Many warc entries also contain HTTP headers which can also be accessed by filter.
python3 warc-extractor.py http:content-type:pdf
The above script finds all warc entries that contain PDF's. Specifically it would filter out any warc entry that does not contain an HTTP header 'content-type' that contains the string 'pdf'. (Note: imputing any HTTP filter implicitly filters out any warc entry that does not contain an HTTP request or response.)
There is also some information found in an HTTP object's version line. This information can be access via some special operators: error, command, path, status, version. The most important being error.
python3 warc-extractor.py http:error:200
The above script would filter out any HTTP responses that did not return error code 200, as well as implicitly remove HTTP requests which do not contain error codes.
Additionally, negative searches are also allowed.
python3 warc-extractor.py \!http:content-type:pdf
The above script would return all warc entries that do not contain contain PDF's. (Note: the '\' character is required because '!' is a reserved character in bash.)
Once you have verified that the script is only grabbing those warc entries that are required.

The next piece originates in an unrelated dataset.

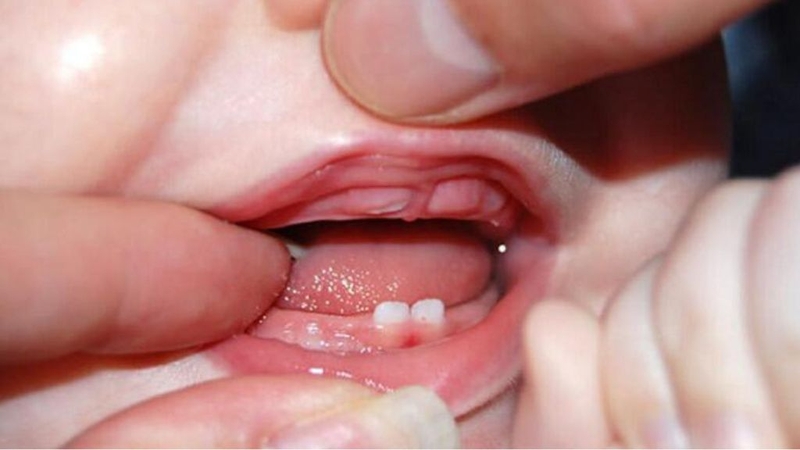 Bé 15 tuần tuổi: Đặc điểm phát triển và cách chăm sóc 2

The contents of the found warc entries can be dumped in two different ways.
python3 warc-extractor.py some:filter -dump warc
The above script would create a new warc file containing only the filtered elements.

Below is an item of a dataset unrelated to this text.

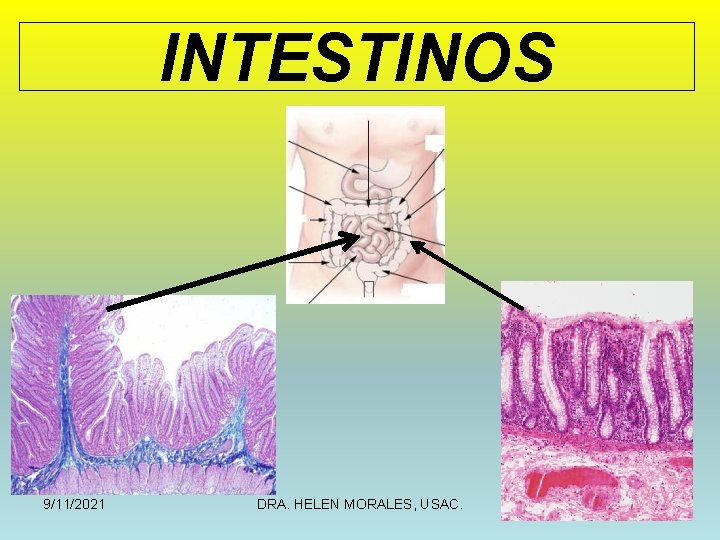 INTESTINOS 9/11/2021 DRA. HELEN MORALES, USAC. 2 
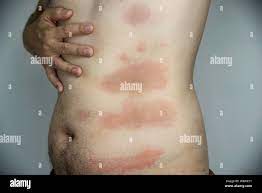 Hombre Para Tener Sarpullido Rojo En Su Cuerpo Parte Personas Con Alergia Cutanea Problema Concepto Fotografia De Stock Alamy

python3 warc-extractor.py some:filter -dump content
The above script would attempt to extract the contents of the filtered entries. (Note: the -dump flag implicitly adds "warc-type:response" and "content-type:application/http" to the filters. As warc entries that do not match these filters do not contain file-like objects.)
-h
-string
-path
-output_path
-output
-dump
-silence
-error
To create a warc file containing all HTTP responses that are not file-like objects.
python3 warc-extractor.py -dump warc warc-type:response \!content-type:application/http
To dump all PDF's from a warc file to disk.
python3 warc-extractor.py -dump content http:content-type:pdf
To dump everything a warc file contains to disk.
python3 warc-extractor.py -dump content http:error:200
Warc files are complicated and huge. Creating a single script that can properly handle all of the many strange and wonderful objects that might be hidden in a warc file is a large undertaking. Because of this bugs are inevitable.
The script contains an -error command script designed to make dealing with problematic warc entries a bit easier. If the -error tag is supplied to the script, the script will do it's best to skip all entries that cause errors then write all problematic entries to a new warc file 'error.warc'. Should this script error, please try running it again with the -error tag and then upload the resulting 'error.warc' file along with the bug report.
There are many possible problems a warc file could contain that are not limited to specific entries. In these situations the -error tag will not prevent the error and will not create the error.warc file. In these cases please still fill out a bug report. However, the problem is unlikely to be fixed unless I can get access to the warc file that created the problem.
One final note, this script was programmed and tested on a Linux platform. In theory it should work on any platform that Python 3 works on; however, I make no guarantees. Help on this issue would be greatly appreciated.